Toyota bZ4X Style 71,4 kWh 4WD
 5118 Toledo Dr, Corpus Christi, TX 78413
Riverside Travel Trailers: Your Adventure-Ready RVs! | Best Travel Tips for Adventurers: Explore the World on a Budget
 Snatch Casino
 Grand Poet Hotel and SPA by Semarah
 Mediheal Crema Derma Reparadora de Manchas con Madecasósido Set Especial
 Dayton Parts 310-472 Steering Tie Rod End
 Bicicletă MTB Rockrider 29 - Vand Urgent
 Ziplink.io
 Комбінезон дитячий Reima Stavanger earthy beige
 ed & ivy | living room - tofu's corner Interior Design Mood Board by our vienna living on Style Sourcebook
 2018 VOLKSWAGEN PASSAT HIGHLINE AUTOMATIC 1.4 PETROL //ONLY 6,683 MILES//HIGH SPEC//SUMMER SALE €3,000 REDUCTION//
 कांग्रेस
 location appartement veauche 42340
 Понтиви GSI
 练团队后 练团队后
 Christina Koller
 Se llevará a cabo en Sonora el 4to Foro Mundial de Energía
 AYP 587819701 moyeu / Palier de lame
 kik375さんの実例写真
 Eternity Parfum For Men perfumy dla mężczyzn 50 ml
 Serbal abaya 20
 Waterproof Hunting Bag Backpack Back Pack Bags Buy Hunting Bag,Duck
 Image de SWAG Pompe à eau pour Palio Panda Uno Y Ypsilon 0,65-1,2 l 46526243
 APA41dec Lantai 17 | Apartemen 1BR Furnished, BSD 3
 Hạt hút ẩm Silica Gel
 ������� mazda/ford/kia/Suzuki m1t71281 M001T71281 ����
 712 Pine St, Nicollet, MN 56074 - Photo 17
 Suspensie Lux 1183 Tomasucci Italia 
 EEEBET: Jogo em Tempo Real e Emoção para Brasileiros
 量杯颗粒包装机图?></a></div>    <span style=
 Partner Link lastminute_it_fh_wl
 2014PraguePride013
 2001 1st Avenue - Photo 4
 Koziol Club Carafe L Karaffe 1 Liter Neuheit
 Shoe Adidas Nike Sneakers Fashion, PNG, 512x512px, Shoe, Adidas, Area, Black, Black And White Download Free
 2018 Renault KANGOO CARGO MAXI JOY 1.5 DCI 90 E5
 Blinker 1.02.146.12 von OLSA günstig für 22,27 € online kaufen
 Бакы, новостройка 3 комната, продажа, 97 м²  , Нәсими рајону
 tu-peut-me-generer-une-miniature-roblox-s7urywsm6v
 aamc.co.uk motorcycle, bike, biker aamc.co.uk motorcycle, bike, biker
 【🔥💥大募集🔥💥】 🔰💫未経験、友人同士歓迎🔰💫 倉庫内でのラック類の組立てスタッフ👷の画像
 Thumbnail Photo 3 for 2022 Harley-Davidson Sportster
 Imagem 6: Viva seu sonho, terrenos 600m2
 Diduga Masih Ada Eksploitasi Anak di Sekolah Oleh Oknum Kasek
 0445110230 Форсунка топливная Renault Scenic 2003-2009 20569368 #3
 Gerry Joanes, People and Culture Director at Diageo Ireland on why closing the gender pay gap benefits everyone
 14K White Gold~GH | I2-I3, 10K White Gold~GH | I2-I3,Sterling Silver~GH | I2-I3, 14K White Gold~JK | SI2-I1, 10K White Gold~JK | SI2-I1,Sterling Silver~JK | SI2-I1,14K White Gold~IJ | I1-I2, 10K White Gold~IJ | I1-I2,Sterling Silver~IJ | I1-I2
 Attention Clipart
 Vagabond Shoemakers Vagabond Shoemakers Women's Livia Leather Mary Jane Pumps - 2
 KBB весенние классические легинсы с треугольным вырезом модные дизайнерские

### EXERCISE DETAILS:
Restate word for word the entries above, starting at the line with "Suspensie Lux 1183 Tomasucci Italia" and ending at the line with "Blinker 1.02.146.12 von", inclusive, and no others.

### ANSWER BOX:
 Suspensie Lux 1183 Tomasucci Italia 
 EEEBET: Jogo em Tempo Real e Emoção para Brasileiros
 量杯颗粒包装机图?></a></div>    <span style=
 Partner Link lastminute_it_fh_wl
 2014PraguePride013
 2001 1st Avenue - Photo 4
 Koziol Club Carafe L Karaffe 1 Liter Neuheit
 Shoe Adidas Nike Sneakers Fashion, PNG, 512x512px, Shoe, Adidas, Area, Black, Black And White Download Free
 2018 Renault KANGOO CARGO MAXI JOY 1.5 DCI 90 E5
 Blinker 1.02.146.12 von OLSA günstig für 22,27 € online kaufen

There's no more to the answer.